Sadly, I get the impression that the Lib Dems no longer have any interest in garnering support in less well-off parts of the country. 🙁
I’ve pointed numerous times in recent years to Alasdair Rae’s infographics (https://twitter.com/undertheraedar/status/1390632762105806856) that show the trend of Lib Dem representation narrowing to a less diverse and more affluent demographic, and the party’s strategies since 2015 – but especially under Ed Davey – seem intended only to continue this.
Peter – have you ever been to Yeovil, Bridgwater, Honiton, Chard, Bodmin etc etc – the West Country may be leafy but it’s not affluent. There must be a dozen target seats down here where poverty and deprivation are real issues and the Lib Dems are the only serious challengers to the Tories.
Peter – firstly, I echo what Anthony says about large parts of the West Country; I believe Cornwall and Somerset are amongst the poorest counties in southern England. I’m very fortunate to own my assets of land and machinery, but my current cash income from farming amounts to a few paltry £/hour of work.
Secondly, under FPTP we (and the Greens) have to target our limited resources where we have a chance of winning: unlike Labour there is no point us spreading ourselves thinly across large numbers of seats north of Watford Gap because we’d end up with nearly nothing. Ed Davey is taking a pragmatic approach to try & maximise our influence in the House of Dinosaurs….sorry, Commons.
Seats in the Blue Wall in the south have poorer areas within them. In the several I know personally, there are pockets of deprivation, food banks etc.
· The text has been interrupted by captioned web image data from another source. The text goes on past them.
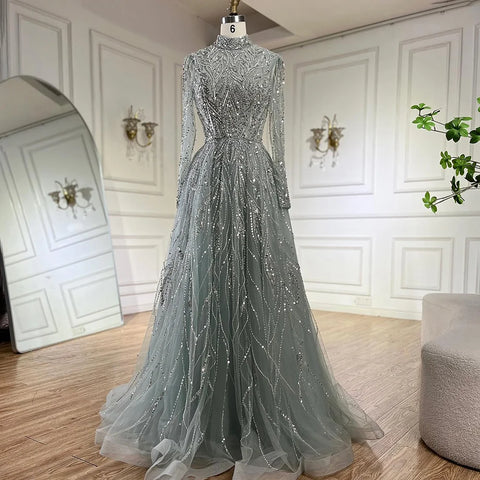 Robe de soirée élégante et luxueuse pour femmes musulmanes, coupe trapèze, bleu, perlée, style Dubaï, pour mariage, 2025, LA72302A 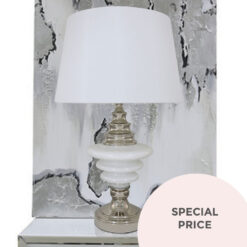 Pure White Pearl Glass Chrome Orbit Table Lamp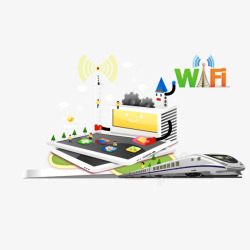 平面设计动车无线wifi平面动车无线wifi图标高清图片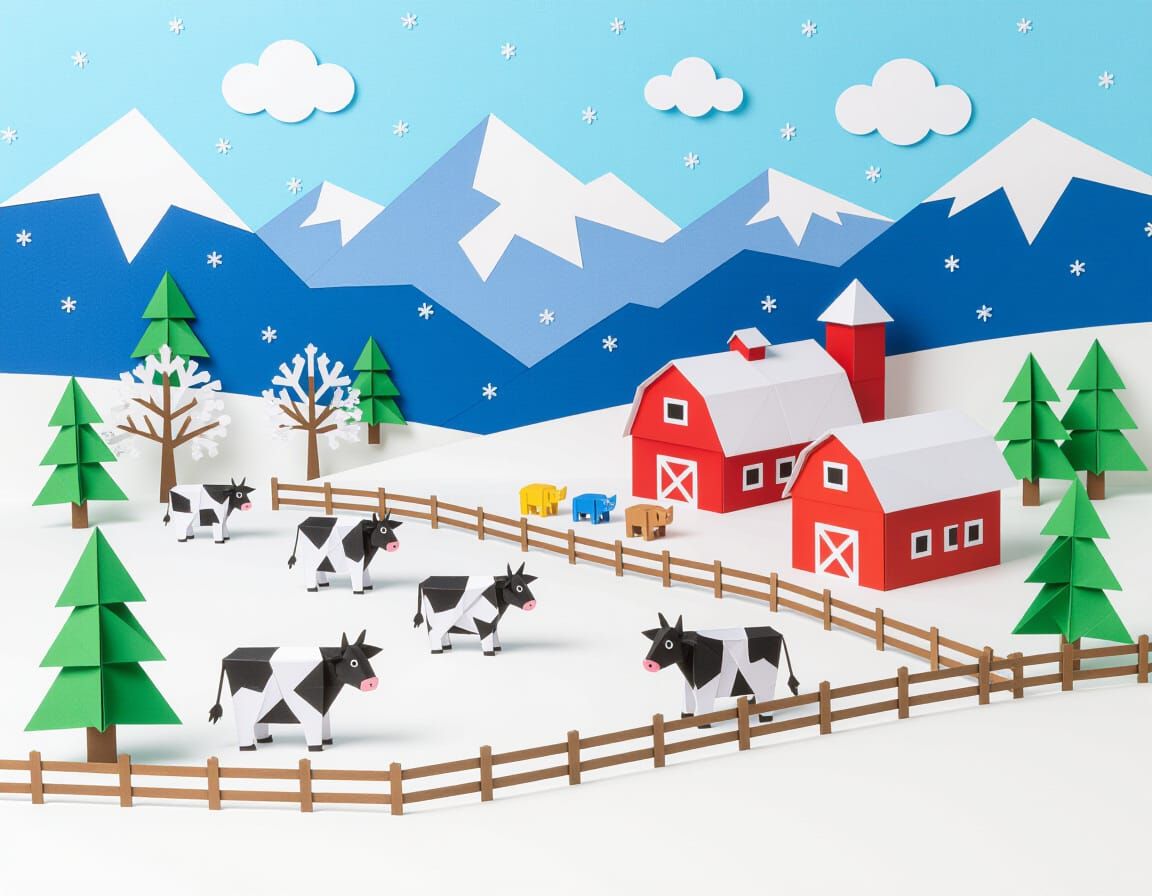 Origami Alpine Winter Scene with Farm and Cows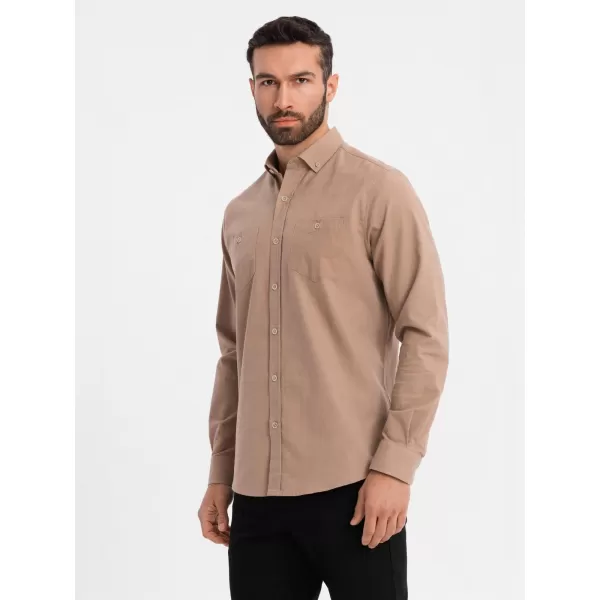  Pánská košile OMBRE OM-SHCS-0134 LIGHT BROWN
Please stop regurgitating all the cliches about leafy southern seats.
I have to wonder if sone of you have ever actually visited a “leafy” Blue Wall seat?
Btw what is this nonsense about “leaves”? I think you’ll find there are trees in every constituency in Britain. And some rural areas- many trees, even more leaves – are pretty deprived.
Yes, there are less affluent parts of constituencies up and down the country, but which ones are Lib Dems targeting? Which byelections did the party machine get excited about?
I don’t know the south west, though based on deprivation (https://automaticknowledge.org/images/uk-deprivation-constituency-2021-v1-border.png) in 2021, Yeovil (along with Hazel Grove, up here in the north west) sits – just! – in the least deprived half of the country.
But, regardless of geography, how many Lib Dem seats and targets are in the 20% least deprived constituencies in that diagram, and how many in the 20% most deprived? Compare the spread of Lib Dem seats in 2001 with 2017 (England & Wales only, https://twitter.com/undertheraedar/status/1192727840216829957/photo/1) which shows a trend that worsened subsequently.
I don’t think the party has a north-south problem, but I do think it has a socioeconomic one, and the self-publicised “blue wall” strategy with all its gimmicks seems calculated to reinforce this. Is there a post-election strategy to broaden support?
I appreciate the desire to get rid of this awful Tory government and the constraints of targeting limited resources, but the party seems to have wilfully ignored a large part of the electorate and left a vacuum for Starmer’s Labour to fill. Worse still, the momentum might mean small-c conservative Labour snatch Lib Dem targets while the Greens nibble away at those places looking for an alternative.